(Dataset records)
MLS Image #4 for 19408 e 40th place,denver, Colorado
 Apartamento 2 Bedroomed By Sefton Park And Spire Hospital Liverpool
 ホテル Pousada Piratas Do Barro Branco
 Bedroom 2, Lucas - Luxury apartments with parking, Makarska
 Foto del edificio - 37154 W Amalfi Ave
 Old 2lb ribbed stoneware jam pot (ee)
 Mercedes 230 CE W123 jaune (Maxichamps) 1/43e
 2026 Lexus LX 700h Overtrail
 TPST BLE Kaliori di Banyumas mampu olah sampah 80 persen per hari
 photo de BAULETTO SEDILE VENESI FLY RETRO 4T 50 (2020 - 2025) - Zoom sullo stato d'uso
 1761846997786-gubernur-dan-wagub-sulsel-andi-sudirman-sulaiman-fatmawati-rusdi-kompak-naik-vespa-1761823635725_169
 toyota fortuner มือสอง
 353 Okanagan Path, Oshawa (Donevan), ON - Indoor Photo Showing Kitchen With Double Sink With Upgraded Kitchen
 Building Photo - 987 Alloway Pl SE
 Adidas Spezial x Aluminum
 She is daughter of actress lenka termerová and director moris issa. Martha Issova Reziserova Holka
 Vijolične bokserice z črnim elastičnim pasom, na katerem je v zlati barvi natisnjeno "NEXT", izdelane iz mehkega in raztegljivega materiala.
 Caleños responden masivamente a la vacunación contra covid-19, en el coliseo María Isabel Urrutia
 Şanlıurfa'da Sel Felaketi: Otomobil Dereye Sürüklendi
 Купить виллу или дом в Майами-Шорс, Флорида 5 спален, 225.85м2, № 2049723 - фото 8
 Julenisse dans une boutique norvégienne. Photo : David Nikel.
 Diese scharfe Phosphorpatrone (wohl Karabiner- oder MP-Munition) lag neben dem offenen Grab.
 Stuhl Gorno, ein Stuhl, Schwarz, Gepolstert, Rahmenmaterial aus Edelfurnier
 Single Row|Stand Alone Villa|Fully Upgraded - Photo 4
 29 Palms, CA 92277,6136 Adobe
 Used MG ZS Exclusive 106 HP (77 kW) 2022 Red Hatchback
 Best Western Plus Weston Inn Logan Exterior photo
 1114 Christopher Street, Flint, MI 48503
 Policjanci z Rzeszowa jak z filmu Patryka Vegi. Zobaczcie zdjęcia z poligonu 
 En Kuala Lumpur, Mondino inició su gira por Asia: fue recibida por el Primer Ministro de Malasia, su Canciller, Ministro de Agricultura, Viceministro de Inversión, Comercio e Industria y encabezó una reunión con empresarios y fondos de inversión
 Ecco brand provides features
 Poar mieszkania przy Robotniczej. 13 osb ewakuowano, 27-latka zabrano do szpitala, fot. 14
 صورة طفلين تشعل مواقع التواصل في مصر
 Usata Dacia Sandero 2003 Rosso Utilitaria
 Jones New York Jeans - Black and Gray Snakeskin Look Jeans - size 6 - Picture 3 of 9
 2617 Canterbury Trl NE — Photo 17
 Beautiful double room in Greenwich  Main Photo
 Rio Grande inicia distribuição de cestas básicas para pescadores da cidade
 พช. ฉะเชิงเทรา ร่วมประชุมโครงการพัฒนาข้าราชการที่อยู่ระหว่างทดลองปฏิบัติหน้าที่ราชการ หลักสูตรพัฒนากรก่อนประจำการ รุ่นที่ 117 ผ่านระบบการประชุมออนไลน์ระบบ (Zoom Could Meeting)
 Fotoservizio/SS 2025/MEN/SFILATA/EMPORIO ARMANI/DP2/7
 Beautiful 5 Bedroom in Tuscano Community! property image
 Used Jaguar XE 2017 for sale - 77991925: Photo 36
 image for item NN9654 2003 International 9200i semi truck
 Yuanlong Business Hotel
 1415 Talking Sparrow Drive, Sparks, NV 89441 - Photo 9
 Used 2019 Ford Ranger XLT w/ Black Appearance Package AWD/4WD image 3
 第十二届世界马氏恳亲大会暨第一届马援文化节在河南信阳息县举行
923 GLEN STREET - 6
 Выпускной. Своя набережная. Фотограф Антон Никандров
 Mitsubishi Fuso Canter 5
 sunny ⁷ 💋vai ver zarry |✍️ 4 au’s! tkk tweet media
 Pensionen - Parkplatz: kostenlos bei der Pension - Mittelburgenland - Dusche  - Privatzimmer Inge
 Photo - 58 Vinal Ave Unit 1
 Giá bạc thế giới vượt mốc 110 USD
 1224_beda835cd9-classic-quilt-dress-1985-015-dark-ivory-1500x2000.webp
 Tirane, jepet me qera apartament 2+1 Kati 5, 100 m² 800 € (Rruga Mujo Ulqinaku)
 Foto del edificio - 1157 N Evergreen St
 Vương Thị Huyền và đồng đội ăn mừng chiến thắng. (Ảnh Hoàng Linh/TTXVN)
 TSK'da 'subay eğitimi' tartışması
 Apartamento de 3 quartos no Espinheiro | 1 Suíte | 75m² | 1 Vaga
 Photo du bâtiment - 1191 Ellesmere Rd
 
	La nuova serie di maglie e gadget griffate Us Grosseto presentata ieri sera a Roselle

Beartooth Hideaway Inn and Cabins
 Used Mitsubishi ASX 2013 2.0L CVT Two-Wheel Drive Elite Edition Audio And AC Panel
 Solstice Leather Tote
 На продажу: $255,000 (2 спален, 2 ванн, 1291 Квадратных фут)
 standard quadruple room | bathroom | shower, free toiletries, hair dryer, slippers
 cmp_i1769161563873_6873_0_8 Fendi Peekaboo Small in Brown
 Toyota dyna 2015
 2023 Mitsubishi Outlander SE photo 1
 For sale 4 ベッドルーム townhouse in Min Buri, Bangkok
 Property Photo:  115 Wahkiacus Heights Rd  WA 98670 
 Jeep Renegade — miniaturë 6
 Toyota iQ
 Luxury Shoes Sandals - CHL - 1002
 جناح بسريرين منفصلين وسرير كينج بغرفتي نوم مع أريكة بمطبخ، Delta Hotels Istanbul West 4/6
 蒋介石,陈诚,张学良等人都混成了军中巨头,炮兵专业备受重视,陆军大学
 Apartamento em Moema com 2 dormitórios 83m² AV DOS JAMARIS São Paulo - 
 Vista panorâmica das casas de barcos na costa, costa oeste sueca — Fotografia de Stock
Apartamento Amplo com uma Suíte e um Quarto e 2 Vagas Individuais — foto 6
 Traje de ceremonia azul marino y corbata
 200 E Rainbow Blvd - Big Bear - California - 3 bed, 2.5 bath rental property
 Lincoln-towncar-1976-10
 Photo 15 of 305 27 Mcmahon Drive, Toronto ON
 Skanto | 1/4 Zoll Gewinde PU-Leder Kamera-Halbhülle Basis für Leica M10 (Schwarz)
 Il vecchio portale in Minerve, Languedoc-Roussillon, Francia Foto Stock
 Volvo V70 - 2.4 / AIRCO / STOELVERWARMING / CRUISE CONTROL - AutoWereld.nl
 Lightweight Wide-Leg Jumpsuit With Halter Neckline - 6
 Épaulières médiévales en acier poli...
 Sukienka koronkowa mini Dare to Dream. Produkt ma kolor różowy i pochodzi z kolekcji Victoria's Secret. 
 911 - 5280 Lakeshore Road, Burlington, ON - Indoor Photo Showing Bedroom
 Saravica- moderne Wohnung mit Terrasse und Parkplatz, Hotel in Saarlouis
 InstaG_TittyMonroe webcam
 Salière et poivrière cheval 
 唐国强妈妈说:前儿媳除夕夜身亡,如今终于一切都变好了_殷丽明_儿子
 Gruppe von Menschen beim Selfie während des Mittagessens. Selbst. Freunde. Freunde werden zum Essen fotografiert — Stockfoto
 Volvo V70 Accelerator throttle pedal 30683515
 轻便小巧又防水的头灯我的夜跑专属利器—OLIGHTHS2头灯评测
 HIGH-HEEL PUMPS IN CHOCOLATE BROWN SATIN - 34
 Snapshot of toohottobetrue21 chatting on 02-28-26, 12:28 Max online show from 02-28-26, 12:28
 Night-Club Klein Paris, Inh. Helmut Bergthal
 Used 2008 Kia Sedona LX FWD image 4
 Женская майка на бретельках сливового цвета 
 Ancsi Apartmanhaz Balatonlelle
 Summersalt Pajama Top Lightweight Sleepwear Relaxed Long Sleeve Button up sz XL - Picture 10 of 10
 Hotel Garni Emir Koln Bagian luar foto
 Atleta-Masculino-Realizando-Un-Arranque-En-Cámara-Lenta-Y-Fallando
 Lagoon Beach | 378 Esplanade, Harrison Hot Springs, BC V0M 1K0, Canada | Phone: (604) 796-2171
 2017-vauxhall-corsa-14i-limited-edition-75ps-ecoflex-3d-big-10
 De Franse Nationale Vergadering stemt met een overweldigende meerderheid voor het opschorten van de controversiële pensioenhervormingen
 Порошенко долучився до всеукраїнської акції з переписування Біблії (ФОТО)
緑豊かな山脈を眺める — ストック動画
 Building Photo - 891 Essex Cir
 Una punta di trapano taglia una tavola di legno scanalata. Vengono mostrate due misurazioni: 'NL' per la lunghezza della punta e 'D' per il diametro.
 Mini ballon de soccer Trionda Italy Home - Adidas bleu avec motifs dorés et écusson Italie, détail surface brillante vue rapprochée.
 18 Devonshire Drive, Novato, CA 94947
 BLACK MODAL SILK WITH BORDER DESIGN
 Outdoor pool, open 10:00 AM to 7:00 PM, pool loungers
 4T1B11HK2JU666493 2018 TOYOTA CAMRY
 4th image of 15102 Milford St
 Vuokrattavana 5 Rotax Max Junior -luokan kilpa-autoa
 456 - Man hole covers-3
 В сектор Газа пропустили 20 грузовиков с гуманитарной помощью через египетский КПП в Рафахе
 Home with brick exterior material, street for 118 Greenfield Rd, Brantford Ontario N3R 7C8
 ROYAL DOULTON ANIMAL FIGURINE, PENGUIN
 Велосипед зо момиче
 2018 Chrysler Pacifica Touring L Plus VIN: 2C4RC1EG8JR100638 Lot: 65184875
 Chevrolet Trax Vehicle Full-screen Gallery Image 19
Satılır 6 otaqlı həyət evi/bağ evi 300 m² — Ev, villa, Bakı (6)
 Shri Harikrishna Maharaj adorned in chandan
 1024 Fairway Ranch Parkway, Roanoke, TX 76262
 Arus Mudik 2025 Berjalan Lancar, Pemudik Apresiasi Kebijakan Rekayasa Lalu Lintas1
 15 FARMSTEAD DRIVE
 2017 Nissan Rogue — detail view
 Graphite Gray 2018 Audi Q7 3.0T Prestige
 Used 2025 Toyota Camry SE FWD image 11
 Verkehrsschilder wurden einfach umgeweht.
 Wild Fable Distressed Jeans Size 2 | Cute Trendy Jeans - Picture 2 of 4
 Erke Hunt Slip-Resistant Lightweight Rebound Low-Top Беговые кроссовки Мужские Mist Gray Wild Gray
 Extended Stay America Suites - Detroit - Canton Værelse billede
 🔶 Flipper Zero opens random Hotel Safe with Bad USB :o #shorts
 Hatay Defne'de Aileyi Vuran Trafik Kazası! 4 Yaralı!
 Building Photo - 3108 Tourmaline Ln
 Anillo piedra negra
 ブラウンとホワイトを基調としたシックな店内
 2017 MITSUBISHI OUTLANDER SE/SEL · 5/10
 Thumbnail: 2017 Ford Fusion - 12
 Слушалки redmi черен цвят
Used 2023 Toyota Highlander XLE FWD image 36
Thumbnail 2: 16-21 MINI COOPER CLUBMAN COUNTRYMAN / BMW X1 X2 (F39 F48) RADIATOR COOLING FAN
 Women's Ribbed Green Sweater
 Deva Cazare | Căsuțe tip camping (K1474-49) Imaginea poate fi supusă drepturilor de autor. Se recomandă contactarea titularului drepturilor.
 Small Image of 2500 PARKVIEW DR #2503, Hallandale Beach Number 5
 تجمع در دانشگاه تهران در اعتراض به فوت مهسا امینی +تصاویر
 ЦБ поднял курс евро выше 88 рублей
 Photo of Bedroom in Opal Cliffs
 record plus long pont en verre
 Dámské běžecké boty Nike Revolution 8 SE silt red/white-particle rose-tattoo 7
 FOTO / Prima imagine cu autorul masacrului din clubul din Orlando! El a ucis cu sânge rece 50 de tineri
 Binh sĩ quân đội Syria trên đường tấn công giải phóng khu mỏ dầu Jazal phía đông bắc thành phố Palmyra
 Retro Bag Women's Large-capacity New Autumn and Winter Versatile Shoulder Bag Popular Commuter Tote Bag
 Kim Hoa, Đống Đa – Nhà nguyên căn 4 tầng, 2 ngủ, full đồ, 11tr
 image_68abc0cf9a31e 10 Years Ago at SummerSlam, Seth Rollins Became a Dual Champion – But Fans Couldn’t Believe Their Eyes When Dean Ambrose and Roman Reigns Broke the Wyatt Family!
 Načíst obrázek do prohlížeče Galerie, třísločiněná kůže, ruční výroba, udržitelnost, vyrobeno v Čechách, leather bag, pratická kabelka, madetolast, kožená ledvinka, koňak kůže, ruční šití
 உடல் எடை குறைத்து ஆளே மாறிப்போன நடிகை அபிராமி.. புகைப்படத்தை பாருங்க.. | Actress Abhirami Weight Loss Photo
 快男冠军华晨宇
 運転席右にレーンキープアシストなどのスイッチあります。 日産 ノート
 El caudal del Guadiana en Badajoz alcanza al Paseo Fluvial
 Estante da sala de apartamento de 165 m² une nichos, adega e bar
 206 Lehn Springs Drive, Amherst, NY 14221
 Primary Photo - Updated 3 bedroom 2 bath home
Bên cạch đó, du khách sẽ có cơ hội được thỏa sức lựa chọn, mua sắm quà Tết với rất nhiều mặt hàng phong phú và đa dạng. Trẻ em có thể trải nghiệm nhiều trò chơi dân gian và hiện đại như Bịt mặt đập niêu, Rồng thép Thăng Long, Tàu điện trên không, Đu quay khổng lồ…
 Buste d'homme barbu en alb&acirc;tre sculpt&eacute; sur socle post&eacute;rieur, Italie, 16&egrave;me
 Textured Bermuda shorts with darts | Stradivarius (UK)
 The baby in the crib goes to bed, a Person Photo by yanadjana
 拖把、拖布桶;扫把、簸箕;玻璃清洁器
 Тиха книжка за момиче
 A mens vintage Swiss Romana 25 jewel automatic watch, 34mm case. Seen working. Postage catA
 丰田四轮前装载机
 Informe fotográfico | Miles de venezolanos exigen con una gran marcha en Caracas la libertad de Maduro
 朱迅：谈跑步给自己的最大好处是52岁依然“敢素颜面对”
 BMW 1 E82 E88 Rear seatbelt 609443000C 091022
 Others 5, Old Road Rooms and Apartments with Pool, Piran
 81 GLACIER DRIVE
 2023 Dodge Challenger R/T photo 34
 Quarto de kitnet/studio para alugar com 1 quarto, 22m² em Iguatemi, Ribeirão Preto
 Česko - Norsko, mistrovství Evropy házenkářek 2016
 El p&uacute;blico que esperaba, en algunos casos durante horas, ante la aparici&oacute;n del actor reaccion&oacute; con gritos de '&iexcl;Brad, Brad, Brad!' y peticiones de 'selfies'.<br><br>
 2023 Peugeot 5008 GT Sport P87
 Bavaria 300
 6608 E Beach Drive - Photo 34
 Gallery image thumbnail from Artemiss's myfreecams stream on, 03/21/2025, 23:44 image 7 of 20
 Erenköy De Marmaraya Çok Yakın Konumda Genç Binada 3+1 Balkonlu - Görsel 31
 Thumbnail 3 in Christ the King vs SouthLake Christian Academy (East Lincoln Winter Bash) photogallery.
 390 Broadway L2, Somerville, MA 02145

**Aim of the exercise:** Only lines that contain "Small" are needed, so copy each of them from the data.

**Answer to the exercise:**
 cmp_i1769161563873_6873_0_8 Fendi Peekaboo Small in Brown
 Small Image of 2500 PARKVIEW DR #2503, Hallandale Beach Number 5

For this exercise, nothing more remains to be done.